Fernández Laura, Solana Jose Carlos, Sánchez Carmen, Jiménez Mª Ángeles, Requena Jose M, Coler Rhea, Reed Steven G, Valenzuela Jesus G, Kamhawi Shaden, Oliveira Fabiano, Fichera Epifanio, Glueck Reinhard, Bottazzi Maria Elena, Gupta Gaurav, Cecilio Pedro, Pérez-Cabezas Begoña, Cordeiro-da-Silva Anabela, Gradoni Luigi, Carrillo Eugenia, Moreno Javier
WHO Collaborating Centre for Leishmaniasis, Centro Nacional de Microbiología, Instituto de Salud Carlos III, 28220 Madrid, Spain.
Facultad de Veterinaria, Departamento de Medicina y Cirugía Animal, Universidad Complutense de Madrid, 28040 Madrid, Spain.
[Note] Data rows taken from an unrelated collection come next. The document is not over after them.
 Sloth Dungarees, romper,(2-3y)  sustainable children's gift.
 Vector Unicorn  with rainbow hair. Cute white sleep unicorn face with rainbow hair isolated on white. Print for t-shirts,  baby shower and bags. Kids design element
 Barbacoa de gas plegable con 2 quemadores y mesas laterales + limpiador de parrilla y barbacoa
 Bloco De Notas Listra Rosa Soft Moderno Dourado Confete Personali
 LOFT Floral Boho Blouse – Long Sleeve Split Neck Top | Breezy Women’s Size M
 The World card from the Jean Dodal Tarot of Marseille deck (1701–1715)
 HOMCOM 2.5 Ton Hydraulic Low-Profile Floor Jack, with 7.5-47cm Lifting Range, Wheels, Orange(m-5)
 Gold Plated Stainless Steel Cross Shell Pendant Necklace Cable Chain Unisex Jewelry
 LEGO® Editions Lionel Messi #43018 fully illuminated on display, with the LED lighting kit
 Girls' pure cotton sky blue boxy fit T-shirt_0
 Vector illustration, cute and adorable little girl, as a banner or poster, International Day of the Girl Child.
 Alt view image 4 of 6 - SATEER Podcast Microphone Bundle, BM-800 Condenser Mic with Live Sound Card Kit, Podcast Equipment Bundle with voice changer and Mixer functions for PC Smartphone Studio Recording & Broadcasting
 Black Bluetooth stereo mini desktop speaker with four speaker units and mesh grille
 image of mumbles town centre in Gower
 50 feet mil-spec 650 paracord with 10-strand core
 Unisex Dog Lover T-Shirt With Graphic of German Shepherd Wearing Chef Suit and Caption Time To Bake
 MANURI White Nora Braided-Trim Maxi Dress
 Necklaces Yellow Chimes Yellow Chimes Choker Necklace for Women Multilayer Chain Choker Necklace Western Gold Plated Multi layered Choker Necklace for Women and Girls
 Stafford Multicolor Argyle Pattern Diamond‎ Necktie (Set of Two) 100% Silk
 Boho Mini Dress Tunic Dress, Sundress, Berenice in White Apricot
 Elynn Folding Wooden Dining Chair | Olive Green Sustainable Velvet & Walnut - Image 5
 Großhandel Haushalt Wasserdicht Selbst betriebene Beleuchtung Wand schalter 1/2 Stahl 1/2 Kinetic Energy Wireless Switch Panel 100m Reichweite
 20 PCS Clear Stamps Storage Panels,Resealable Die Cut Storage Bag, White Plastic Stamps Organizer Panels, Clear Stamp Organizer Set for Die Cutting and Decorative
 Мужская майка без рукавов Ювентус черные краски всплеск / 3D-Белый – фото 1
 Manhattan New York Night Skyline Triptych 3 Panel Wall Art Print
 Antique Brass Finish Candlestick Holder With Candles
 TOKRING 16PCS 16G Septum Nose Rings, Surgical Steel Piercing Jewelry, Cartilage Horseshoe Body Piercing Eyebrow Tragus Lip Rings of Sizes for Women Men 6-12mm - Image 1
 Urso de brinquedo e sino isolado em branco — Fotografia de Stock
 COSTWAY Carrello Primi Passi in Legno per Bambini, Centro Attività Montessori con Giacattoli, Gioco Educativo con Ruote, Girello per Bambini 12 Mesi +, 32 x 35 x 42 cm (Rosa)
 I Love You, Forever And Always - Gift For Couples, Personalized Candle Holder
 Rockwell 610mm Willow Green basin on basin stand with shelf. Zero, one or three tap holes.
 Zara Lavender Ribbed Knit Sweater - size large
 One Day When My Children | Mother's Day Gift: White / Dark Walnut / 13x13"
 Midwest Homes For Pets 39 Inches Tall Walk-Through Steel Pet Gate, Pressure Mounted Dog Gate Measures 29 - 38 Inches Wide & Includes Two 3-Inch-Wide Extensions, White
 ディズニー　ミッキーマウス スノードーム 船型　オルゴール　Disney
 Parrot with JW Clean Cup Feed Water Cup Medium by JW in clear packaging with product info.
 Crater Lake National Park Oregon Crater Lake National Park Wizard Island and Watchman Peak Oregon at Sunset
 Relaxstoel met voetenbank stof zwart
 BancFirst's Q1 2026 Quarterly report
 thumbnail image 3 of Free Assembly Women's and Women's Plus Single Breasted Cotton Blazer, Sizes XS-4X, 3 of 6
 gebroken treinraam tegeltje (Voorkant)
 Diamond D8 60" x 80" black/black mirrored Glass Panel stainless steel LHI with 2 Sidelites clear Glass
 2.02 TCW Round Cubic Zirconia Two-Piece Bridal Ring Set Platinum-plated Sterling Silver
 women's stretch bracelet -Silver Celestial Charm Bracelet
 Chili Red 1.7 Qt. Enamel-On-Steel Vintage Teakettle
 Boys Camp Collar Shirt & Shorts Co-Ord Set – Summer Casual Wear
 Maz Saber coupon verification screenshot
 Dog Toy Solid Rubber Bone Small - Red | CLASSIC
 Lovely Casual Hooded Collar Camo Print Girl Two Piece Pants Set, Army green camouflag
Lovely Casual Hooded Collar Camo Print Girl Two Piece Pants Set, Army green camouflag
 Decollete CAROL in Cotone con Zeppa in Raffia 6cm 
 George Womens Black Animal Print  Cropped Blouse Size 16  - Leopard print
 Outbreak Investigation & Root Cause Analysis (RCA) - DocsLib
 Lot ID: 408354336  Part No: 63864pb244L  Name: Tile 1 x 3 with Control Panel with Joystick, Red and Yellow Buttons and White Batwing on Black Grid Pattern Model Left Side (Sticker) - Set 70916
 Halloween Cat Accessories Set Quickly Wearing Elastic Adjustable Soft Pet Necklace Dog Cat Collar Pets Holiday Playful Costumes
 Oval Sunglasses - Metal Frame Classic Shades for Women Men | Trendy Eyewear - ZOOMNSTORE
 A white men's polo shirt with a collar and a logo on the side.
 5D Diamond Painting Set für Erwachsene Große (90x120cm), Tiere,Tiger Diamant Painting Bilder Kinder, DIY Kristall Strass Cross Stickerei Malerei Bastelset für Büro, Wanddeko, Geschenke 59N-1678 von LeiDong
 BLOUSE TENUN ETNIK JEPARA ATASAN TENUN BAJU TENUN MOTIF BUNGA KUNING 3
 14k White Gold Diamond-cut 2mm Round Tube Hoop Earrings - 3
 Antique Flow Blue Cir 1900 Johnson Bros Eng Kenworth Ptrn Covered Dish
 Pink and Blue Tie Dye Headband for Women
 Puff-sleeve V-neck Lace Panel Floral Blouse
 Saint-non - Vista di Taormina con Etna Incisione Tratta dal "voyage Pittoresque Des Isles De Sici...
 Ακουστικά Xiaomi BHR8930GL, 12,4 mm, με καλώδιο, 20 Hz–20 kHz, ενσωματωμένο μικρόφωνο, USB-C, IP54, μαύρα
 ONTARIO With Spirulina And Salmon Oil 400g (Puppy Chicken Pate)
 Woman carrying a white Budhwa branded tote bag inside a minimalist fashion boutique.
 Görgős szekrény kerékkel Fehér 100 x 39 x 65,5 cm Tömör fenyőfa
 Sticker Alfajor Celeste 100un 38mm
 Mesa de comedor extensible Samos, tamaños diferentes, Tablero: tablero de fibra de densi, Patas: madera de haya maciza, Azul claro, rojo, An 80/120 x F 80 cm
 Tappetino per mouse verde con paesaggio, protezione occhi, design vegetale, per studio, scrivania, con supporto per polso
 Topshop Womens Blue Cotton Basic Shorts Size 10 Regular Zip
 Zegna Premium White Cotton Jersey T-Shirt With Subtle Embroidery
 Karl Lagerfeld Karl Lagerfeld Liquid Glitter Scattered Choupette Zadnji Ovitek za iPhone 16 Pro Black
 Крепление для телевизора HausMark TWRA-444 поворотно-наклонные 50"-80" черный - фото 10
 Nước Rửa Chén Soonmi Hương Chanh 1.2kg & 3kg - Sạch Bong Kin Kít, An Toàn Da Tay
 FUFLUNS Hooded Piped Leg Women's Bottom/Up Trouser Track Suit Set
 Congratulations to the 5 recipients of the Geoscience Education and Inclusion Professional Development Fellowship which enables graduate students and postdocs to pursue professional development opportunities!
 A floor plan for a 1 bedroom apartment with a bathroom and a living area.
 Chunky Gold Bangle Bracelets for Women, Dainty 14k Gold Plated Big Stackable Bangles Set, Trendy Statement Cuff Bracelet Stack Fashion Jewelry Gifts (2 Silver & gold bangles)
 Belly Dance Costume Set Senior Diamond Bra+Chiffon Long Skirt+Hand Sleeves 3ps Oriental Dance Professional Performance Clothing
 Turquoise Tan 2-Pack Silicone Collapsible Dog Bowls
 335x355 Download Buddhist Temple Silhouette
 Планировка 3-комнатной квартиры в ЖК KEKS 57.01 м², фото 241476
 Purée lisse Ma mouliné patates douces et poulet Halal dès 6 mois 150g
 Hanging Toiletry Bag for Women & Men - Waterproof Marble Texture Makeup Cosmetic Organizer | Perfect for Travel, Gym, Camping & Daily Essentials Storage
Microorganisms. 2021 Oct 29;9(11):2253. doi: 10.3390/microorganisms9112253.
Visceral leishmaniasis (VL) is the most severe clinical form of leishmaniasis, fatal if untreated. Vaccination is the most cost-effective approach to disease control; however, to date, no vaccines against human VL have been made available. This work examines the efficacy of a novel vaccine consisting of the membrane protein KMP11, LEISH-F3+ (a recombinant fusion protein, composed of epitopes of the parasite proteins nucleoside hydrolase, sterol-24-c-methyltransferase, and cysteine protease B), and the sand fly salivary protein LJL143, in two dose ratios. The inclusion of the TLR4 agonist GLA-SE as an adjuvant, and the use of virosomes (VS) as a delivery system, are also examined. In a hamster model of VL, the vaccine elicited antigen-specific immune responses prior to infection with . Of note, the responses were greater when higher doses of KMP11 and LEISH-F3+ proteins were administered along with the GLA-SE adjuvant and/or when delivered within VS. Remarkably, hamsters immunized with the complete combination (i.e., all antigens in VS + GLA-SE) showed significantly lower parasite burdens in the spleen compared to those in control animals. This protection was underpinned by a more intense, specific humoral response against the KMP11, LEISH-F3+, and LJL143 antigens in vaccinated animals, but a significantly less intense antibody response to the pool of soluble antigens (SLA). Overall, these results indicate that this innovative vaccine formulation confers protection against infection, supporting the advancement of the vaccine formulation into process development and manufacturing and the conduction of toxicity studies towards future phase I human clinical trials.
内脏利什曼病(VL)是利什曼病最严重的临床形式,若不治疗会致命。疫苗接种是疾病控制最具成本效益的方法;然而,迄今为止,尚无针对人类VL的疫苗可供使用。这项研究考察了一种新型疫苗的疗效,该疫苗由膜蛋白KMP11、LEISH-F3 +(一种重组融合蛋白,由寄生虫蛋白核苷水解酶、固醇-24-甲基转移酶和半胱氨酸蛋白酶B的表位组成)以及白蛉唾液蛋白LJL143按两种剂量比例组成。还考察了包含TLR4激动剂GLA-SE作为佐剂以及使用病毒体(VS)作为递送系统的情况。在VL的仓鼠模型中,该疫苗在感染[病原体名称未给出]之前引发了抗原特异性免疫反应。值得注意的是,当与GLA-SE佐剂一起施用更高剂量的KMP11和LEISH-F3 +蛋白时,以及/或者当在VS内递送时,免疫反应更强。值得注意的是,与对照动物相比,用完整组合(即VS + GLA-SE中的所有抗原)免疫的仓鼠脾脏中的寄生虫负荷显著降低。这种保护作用的基础是接种疫苗的动物对KMP11、LEISH-F3 +和LJL143抗原产生了更强烈、特异性的体液反应,但对可溶性抗原池(SLA)的抗体反应强度明显较低。总体而言,这些结果表明这种创新的疫苗配方可提供针对[病原体名称未给出]感染的保护,支持将该疫苗配方推进到工艺开发和生产阶段,并开展毒性研究以进行未来的I期人体临床试验。